In accord… I guess it’s getting behind a cause – you find a bigger, umbrella issue at stake, one that will speak to more people. It’s how they fought their issue – how they presented themselves in statements and argued it in court. You pick a news-friendly angle to fight the issue on, even if it’s disingenuous or not quite a fit, and run with it. The parents needed support, so they made the issue about indigenous rights, about western culture bullying Native Canadians.
“We’re never going to allow another agency to ever do that to us again, where they remove our children from their community, from their culture, from their traditions,” said Chief [of the Mississaugas of the New Credit First Nation] Bryan LaForme. “We are not going to let foreign governments come in and apprehend children.”

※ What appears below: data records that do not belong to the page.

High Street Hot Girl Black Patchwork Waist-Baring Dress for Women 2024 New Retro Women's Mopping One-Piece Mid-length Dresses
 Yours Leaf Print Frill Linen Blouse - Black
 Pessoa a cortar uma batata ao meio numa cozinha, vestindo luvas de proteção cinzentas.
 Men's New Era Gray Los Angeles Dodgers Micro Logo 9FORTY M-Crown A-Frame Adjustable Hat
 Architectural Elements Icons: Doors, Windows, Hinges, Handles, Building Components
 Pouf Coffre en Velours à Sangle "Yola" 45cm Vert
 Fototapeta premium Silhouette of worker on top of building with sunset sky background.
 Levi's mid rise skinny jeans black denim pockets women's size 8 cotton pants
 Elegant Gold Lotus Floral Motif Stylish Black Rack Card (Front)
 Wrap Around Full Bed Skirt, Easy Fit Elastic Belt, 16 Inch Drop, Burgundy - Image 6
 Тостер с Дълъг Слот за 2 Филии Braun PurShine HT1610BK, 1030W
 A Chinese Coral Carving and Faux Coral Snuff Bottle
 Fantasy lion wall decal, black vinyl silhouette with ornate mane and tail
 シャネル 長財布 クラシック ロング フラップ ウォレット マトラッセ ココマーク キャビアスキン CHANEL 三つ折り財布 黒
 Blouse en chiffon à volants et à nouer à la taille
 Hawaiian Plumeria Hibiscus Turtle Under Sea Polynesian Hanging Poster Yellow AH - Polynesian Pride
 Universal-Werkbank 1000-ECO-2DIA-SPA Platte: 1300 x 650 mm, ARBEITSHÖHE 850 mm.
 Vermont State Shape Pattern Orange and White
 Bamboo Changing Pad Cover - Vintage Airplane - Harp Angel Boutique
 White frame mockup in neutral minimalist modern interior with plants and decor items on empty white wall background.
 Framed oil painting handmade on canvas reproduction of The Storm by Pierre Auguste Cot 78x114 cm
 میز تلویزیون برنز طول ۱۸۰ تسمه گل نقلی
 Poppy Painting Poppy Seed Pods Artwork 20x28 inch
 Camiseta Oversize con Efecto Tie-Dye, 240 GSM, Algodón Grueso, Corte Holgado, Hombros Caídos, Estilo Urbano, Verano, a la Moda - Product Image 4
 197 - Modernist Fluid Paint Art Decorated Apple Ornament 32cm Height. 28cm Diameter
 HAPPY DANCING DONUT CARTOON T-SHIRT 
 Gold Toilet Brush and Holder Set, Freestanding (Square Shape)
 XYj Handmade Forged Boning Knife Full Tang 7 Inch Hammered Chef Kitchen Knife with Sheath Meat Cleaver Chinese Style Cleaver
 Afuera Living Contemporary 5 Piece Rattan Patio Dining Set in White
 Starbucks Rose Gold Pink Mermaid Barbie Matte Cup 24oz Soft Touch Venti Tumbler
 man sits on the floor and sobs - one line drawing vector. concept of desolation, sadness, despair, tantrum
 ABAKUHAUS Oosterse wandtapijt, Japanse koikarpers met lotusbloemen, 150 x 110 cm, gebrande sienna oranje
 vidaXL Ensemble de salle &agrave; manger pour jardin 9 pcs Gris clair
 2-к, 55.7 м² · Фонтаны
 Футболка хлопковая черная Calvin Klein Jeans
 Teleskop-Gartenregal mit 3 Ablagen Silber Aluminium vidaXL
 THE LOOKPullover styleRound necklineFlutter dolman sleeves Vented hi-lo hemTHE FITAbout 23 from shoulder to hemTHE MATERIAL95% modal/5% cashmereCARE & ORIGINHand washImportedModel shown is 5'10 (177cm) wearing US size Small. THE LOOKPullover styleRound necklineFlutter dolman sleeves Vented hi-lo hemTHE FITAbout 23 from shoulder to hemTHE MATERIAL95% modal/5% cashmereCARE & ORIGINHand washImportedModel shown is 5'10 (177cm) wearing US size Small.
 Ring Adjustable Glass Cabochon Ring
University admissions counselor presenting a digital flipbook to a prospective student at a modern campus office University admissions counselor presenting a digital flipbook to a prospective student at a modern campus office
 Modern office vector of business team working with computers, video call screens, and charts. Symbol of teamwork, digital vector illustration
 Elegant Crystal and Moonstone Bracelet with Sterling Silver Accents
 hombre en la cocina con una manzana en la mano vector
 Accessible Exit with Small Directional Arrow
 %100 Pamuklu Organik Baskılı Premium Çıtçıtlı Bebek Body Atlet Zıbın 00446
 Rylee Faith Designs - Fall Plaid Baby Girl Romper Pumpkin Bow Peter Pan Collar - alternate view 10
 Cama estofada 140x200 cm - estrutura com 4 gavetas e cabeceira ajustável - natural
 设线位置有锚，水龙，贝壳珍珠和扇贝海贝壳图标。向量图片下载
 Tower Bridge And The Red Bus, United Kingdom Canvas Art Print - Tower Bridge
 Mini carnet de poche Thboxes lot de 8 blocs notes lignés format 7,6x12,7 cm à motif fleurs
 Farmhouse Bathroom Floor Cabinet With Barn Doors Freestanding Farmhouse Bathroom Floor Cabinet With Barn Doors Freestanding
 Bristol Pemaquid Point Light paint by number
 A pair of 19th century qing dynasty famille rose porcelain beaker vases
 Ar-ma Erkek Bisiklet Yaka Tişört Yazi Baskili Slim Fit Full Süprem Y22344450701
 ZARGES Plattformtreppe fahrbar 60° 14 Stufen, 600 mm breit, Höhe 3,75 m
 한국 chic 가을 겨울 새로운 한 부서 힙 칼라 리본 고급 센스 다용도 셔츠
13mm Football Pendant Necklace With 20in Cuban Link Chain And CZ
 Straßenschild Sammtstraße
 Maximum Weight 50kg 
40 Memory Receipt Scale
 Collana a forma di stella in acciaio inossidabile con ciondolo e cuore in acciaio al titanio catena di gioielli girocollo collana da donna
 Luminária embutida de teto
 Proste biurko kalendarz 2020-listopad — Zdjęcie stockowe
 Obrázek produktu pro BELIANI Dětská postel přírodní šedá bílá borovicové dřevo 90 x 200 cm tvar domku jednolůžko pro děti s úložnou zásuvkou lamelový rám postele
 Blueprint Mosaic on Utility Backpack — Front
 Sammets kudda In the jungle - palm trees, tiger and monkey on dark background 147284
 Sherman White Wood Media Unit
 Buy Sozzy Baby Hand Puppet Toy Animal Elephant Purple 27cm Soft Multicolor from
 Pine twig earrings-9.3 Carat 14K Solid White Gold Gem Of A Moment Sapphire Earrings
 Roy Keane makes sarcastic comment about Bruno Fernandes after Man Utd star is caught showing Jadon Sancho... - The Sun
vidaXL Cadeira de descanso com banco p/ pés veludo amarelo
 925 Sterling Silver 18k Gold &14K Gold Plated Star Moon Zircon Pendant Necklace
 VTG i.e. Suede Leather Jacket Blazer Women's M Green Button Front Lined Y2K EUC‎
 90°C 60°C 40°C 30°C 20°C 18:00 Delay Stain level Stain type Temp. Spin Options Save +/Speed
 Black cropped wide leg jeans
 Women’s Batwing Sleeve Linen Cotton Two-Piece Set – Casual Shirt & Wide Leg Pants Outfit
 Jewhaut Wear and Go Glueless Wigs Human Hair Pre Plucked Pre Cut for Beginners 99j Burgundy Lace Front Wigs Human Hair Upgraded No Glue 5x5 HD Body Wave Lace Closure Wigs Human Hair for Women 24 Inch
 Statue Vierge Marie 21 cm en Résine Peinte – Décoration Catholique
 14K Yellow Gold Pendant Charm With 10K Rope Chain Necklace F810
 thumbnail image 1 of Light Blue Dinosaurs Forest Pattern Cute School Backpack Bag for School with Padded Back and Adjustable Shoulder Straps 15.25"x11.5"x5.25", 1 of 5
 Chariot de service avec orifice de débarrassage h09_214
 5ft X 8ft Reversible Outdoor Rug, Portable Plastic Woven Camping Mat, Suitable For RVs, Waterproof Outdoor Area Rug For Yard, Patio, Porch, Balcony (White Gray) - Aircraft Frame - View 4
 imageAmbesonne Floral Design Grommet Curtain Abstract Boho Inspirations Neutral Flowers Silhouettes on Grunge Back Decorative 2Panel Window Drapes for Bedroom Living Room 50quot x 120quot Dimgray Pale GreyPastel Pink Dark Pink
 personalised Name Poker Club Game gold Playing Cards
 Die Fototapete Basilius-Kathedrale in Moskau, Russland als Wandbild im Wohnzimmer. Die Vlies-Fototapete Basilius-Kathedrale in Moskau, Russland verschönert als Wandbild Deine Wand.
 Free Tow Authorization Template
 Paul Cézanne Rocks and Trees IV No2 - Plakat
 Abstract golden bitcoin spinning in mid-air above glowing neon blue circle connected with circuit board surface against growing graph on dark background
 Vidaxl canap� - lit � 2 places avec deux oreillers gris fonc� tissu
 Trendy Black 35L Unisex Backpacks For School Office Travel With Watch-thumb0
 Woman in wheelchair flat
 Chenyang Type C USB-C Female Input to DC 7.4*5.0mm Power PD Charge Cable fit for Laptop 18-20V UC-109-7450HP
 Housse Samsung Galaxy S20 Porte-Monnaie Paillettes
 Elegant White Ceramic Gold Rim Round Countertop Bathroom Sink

It makes the case relevant to a whole bunch of organizations who help or comment on the affair publically. Groups take up the angle on the story sight unseen because it fits – it’s their area of expertise.
“Myself, I doubt Makayla Sault intended to be a martyr for native rights, or be part of the price paid for cultural sensitivity. I doubt that she and her parents had anystrong interest in trailblazing or advancing First Nations independence or being pieces in the ongoing game of sovereignty chess. I think they just wanted her to get better.”
And the more one-track reactions build up hugely like that, the more smart people will know how to ‘pitch’ their grievances in public to make sure it’s their version that’s defining the coverage and getting shared amongst the scrolling masses. If you can say it memorably or outrageously enough in one line or one photo, the pay-per-click media would be fools not to show that one snapshot and nothing else, ad nauseam – Nigel Farage’s ‘success.’ Right there.
Makayla died. It’s still a case of ‘it was the chemotherapy that killed her’ vs ‘it was the cancer that killed her.’ She was laid to rest on 24th January.
J.J.’s family expressed their sympathies.